The clear poly installed on the inside is super cheap & if you don't open
the window in the summer - you can just leave it up year 'round as it will
help with reduced air infiltration during the summer as well.

If installing the poly on the inside did not fully do the trick - you can
install poly on the outside - although it has to be installed in warmer
weather (above 50F) so the tape will stick to the window frame. I suppose
you could use a hair dryer to get the tape to bond if it is too cold right
now where you live. Finding exterior grade tape is much harder than the
interior tape. Be sure to remove this poly and tape in the spring as the
tape will bond to the window frame during the warm summer & it is then very
hard to get it off.

I put a couple of small holes in the poly at the top and bottom - using a
'lit then blown-out' match to melt the holes - This allows for vapor to
escape.


"patrick conroy" wrote in message
...
Grandma's house had 'em. Ours is a new house (7 years old) with builder
basic vinyl windows. There's one huge (6050) picture window on the north
side that just sheds in soooo much cold air - it's unbelievable!!! In
winter, the cold air just cascades down the thing!

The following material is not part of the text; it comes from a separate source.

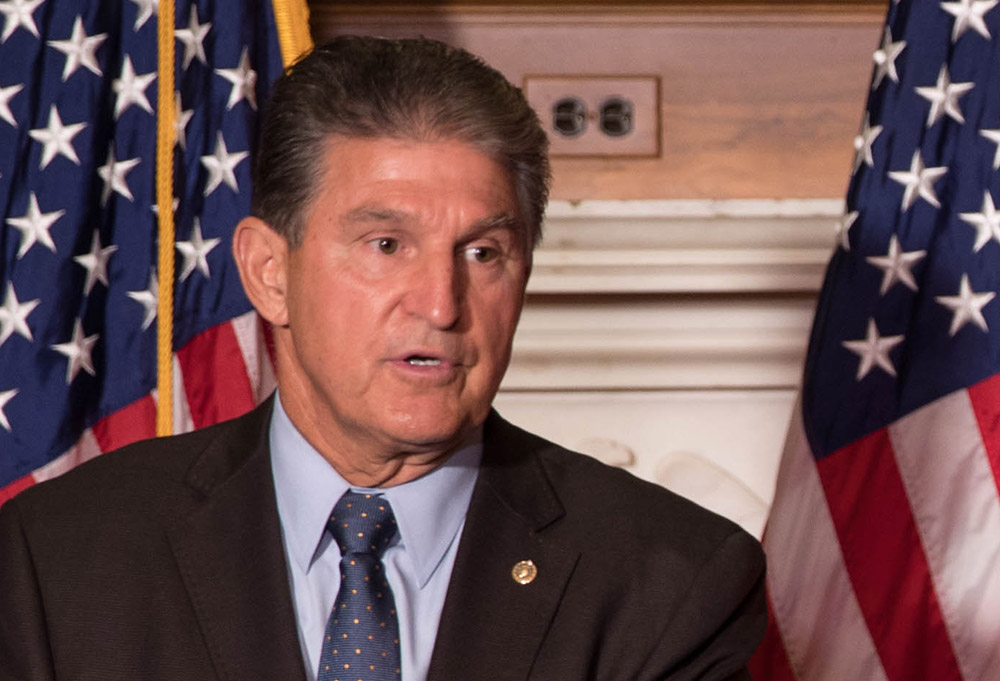 Sen. Joe Manchin, D-West Virginia (Wikimedia Commons/Senate Democrats)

Budget's very tight - and I'm rather look for some inexpensive ways to
address the draftiness without looking at a replacement yet.

Put up some of that clear plastic sheeting - and it helped. But am now
looking for something that might last 3 or so years.

Watched an episode of This Old House where they had new windows going in a
historic house - and they had "energy panels" - essentially Storm Windows
on the inside.

That got me thinking - does anyone think a storm window might be a
reasonable approach on this picture window?